Ponieważ cały kolejny dzień ma padać, ustalamy, że będzie to odbój od jazdy.
Zmiana motocyklowych kamaszy na trekingowe i ruszamy nad tamę.

Na tamie dzięki lejącemu deszczowi i okresie poza głównym sezonem bardzo mało ludzi. 
Jest czas na rybkę i  spacer koroną, gdzie dzięki ulewie jesteśmy praktycznie jedyni.
Deszczówki zakupione w GSie w Czarnej, podczas poprzedniego wyjazdu sprawiają się idealnie. 
Mam nadzieję, ze nie braknie takich sklepów i wyrobów.
Pomyśl - w decathlonie, czy innej biedronce stada inżynierów myślą nad nadaniem klasy przepuszczalności dla danego produktu - czyli jaki deszczyk wytrzyma. 
W bieszczadzkim GSie dostajesz worek uszyty ze skrawków wojskowego pontonu. 
Albo coś jest wodoodporne, albo nie. 
Tam nie mają innych klas wodoodpornosci.

DSCN4936JPG

Kiedy przechodzimy obok stoiska typowego bieszczadzkiego warjata, Ania śmieje się patrząc na mnie. 
Wygarbowane owcze skóry co prawda nie zachęcają do zakupu zapachem starego capa, ale zawsze chciałem mieć taką na  siedzeniu Tajgi. Po krótkich namowach kupuję jedną z nich i dzięki temu mam w końcu własną zdechłą ofcę :). 
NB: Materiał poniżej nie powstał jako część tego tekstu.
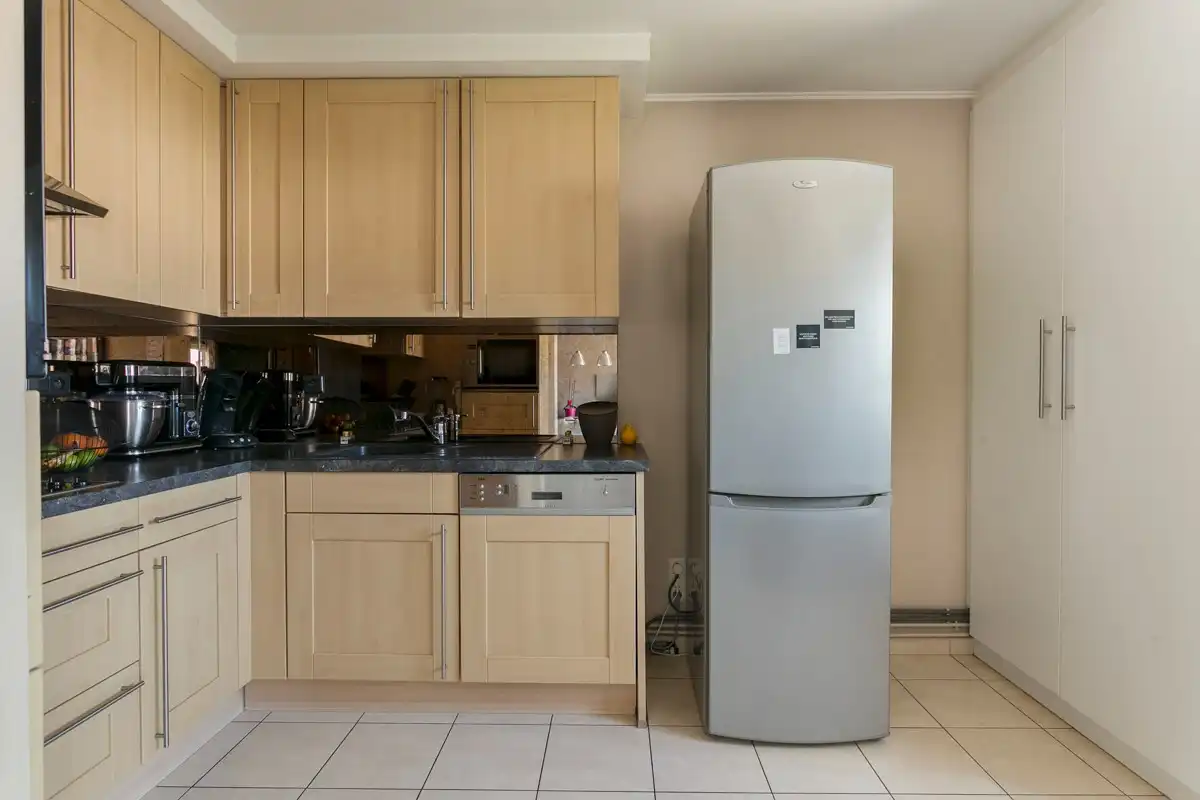 Appartement met twee slaapkamers en autostaanplaats in de ondergrondse garage in Rekem/Lanaken! foto 9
Wieczorem sytuacja się nieco komplikuje, gdyż Ania podejmuje próby eksmisji mnie i zdechłej ofcy z domku z powodu zapachu. (Dla jasności - Ofcy, nie mojego).
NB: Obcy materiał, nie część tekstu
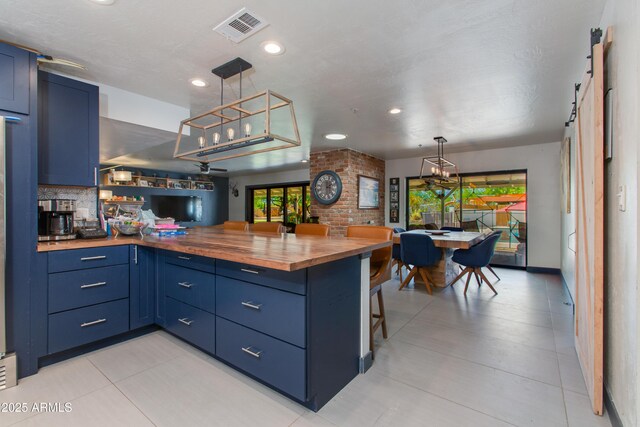 7102 E Kalil Dr, Scottsdale, AZ 85254 - kitchen featuring wooden counters, blue cabinets, a peninsula, plenty of natural light, and recessed lighting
Kolejnego dnia, ze względu na prognozy pogody i mój oddech przypominający odgłos odpalanego zimą Kraza postanawiamy zrobić totalny odwrót. 

Jest niedziela rano, więc góry żegnają nas mgłami wstającymi znad dolin, oraz całkowicie pustymi drogami. Pod ździczałymi drzewami owocowymi rozpościerają się dywany jabłek, gruszek i śliwek, a my gnamy powoli w kierunku domu. 
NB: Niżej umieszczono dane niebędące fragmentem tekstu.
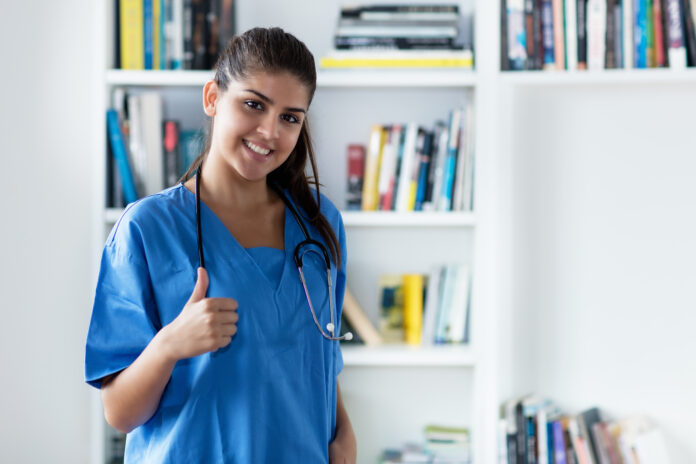 Optimistic young adult spanish female nurse or medical student at hospital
W okolicach Staszowa dociera do nas dobitnie, skąd się wzięło powiedzenie " Piździ jak w kieleckiem". 
Silny i zimny wiatr powoduje, że jazda staje się walką o utrzymanie na drodze. 
Na jednym z postojów Ania przeprasza się ze zdechłą ofcą, którą nazwaliśmy rodzinnie Muflonem.

DSCN4941JPG

Znaleźliśmy sposób na twardą kanapę ADVki i brak ogrzewania siedziska przez silnik.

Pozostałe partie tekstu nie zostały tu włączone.